Hack The Box challenges

Here are my writeups for retired Hack The Box challenges (this link requires logging in).

Hack The Box Weak RSA Writeup

This article contains a writeup for the retired Hack The Box Weak RSA challenge.

Challenge URL: https://app.hackthebox.com/challenges/Weak%2520RSA
Time required: 1h
Date solved: 2024-09-02

The challenge contains these instructions:

Can you decrypt the message and get the flag?

Unpacking the challenge archive file

unzip  -P hackthebox challenges/weak_rsa/"Weak RSA.zip" \
  -d challenges/weak_rsa

The archive contains two files:

inflating: challenges/weak_rsa/flag.enc
inflating: challenges/weak_rsa/key.pub

Decoding the public key

The file key.pub looks like a RSA public key. We print the contents in text form using openssl rsa -text:

openssl rsa -pubin -in challenges/weak_rsa/key.pub -text -noout

RSA public keys contain two large integers: modulus and exponent.

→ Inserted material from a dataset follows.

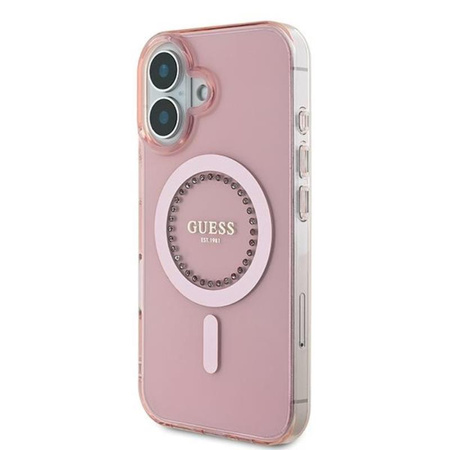 Guess IML Rhinestones MagSafe - pouzdro pro iPhone 16 (růžové)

RSA Public-Key: (1026 bit)
Modulus:
    03:30:3b:79:0f:b1:49:da:34:06:d4:95:ab:9b:9f:
    b8:a9:e2:93:44:5e:3b:d4:3b:18:ef:2f:05:21:b7:
    26:eb:e8:d8:38:ba:77:4b:b5:24:0f:08:f7:fb:ca:
    0a:14:2a:1d:4a:61:ea:97:32:94:e6:84:a8:d1:a2:
    cd:f1:8a:84:f2:db:70:99:b8:e9:77:58:8b:0b:89:
    12:92:55:8c:aa:05:cf:5d:f2:bc:63:34:c5:ee:50:
    83:a2:34:ed:fc:79:a9:5c:47:8a:78:e3:37:c7:23:
    ae:88:34:fb:8a:99:31:b7:45:03:ff:ea:9e:61:bf:
    53:d8:71:69:84:ac:47:83:7b
Exponent:
    61:17:c6:04:48:b1:39:45:1a:b5:b6:0b:62:57:a1:
    2b:da:90:c0:96:0f:ad:1e:00:7d:16:d8:fa:43:aa:
    5a:aa:38:50:fc:24:0e:54:14:ad:2b:a1:09:0e:8e:
    12:d6:49:5b:bc:73:a0:cb:a5:62:50:42:55:c7:3e:
    a3:fb:d3:6a:88:83:f8:31:da:8d:1b:9b:81:33:ac:
    21:09:e2:06:28:e8:0c:7e:53:ba:ba:4c:e5:a1:42:
    98:81:1e:70:b4:a2:31:3c:91:4a:2a:32:17:c0:2e:
    95:1a:ae:e4:c9:eb:39:a3:f0:80:35:7b:53:3a:6c:
    ca:95:17:cb:2b:95:bf:cd

Bonus round: We can use openssl asn to show the underlying raw ASN.1 syntax:

openssl asn1parse -in challenges/weak_rsa/key.pub

This shows the above openssl rsa -text output structure in its original ASN.1 form:

    0:d=0  hl=4 l= 287 cons: SEQUENCE
    4:d=1  hl=2 l=  13 cons: SEQUENCE
    6:d=2  hl=2 l=   9 prim: OBJECT            :rsaEncryption
   17:d=2  hl=2 l=   0 prim: NULL
--- v contains modulus and exponent v ---
   19:d=1  hl=4 l= 268 prim: BIT STRING

Deriving the private key

We assume that the public key’s modulus and exponent let us derive the matching private key. The challenge author likely used this private key to encrypt challenges/weak_rsa/flag.enc. We received this file from the archive unpacked above.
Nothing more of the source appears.